The issue of faith comes into state politics in issues such as abortion and health care. But faith leaders came to the Statehouse today to speak out on another issue that hasn’t seen much action in nearly a decade – payday lending.
“Lord, we cannot imagine a Heaven where Your will includes poverty profiteering.” That was the prayer that Troy Jackson of Cincinnati’s anti-poverty program the Amos Project recited to start the event calling for movement on a bill on payday lenders. The last payday lender crackdown passed in 2008. This bill has bipartisan sponsorship, and would cap interest rates at 28%, and monthly payments at 5% of the borrower’s monthly income. Ohio’s payday lenders charge the highest rates in the nation, and polls show Ohioans want more regulations on them. But payday lenders say they provide a needed service and that their satisfied customers are aware of the costs. The bill’s Republican sponsor says he hopes to bring all interested parties together for a meeting about the bill next week.

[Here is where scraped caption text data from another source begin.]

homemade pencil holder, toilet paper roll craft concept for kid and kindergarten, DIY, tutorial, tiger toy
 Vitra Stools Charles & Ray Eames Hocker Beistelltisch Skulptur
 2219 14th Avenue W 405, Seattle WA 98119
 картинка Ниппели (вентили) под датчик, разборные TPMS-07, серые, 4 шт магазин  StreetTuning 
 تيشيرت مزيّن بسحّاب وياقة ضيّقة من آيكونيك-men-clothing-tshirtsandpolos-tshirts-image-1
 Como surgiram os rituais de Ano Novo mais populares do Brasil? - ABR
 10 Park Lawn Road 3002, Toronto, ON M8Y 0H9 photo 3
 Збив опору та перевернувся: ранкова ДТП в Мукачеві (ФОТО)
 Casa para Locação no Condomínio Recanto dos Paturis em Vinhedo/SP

The faith leaders say Ohio’s payday lenders, who charge the highest rates in the nation, are preying on the poorest and most vulnerable. Polls show Ohioans want more rules on payday lenders, but the last crackdown on them was passed in 2008. The bill from Rep. Kyle Koehler (R-Springfield) would cap interest rates at 28%, and monthly payments at 5% of the borrower’s monthly income. And Koehler says it’ll stop lenders from finding ways around the new rules. “Basically, we’re saying if you are offering a loan of less than $5,000, you can’t use that loophole anymore.”
Koehler’s bill would also prohibit car title loans, but he says he’s open to negotiations on that. Payday lenders say they provide a needed service and that their satisfied customers are aware of the costs.